§ **Data provided**:
______________________________

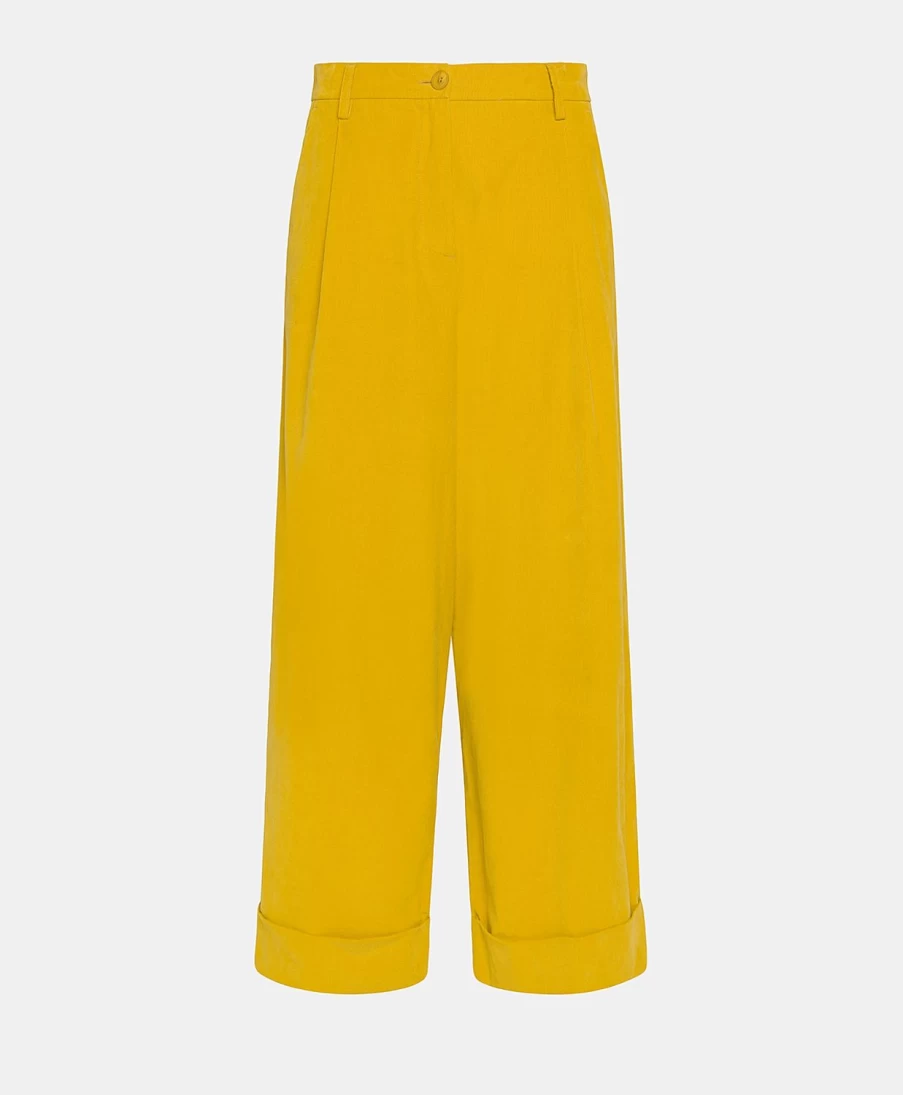 Momoni Women's Grecale Bis Stretch Corduroy Pants in Yellow | High-Waisted Comfort Trousers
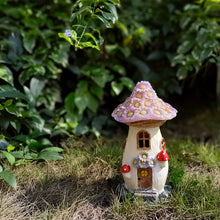 Load image into Gallery viewer, Mushroom House Resin Solar Garden Ornaments
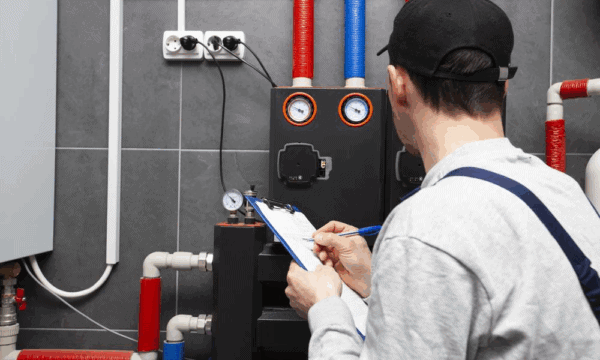 A technician in a cap and gray sweatshirt writes on a clipboard while inspecting gauges and pipes on heating system equipment mounted on a wall.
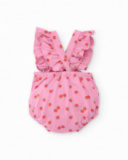 Knitted newborn dungarees with little strawberry print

______________________________

An exact repetition of the listing is needed, with the pictures dropped.

 Momoni Women's Grecale Bis Stretch Corduroy Pants in Yellow | High-Waisted Comfort Trousers
 Load image into Gallery viewer, Mushroom House Resin Solar Garden Ornaments
 A technician in a cap and gray sweatshirt writes on a clipboard while inspecting gauges and pipes on heating system equipment mounted on a wall.
 Knitted newborn dungarees with little strawberry print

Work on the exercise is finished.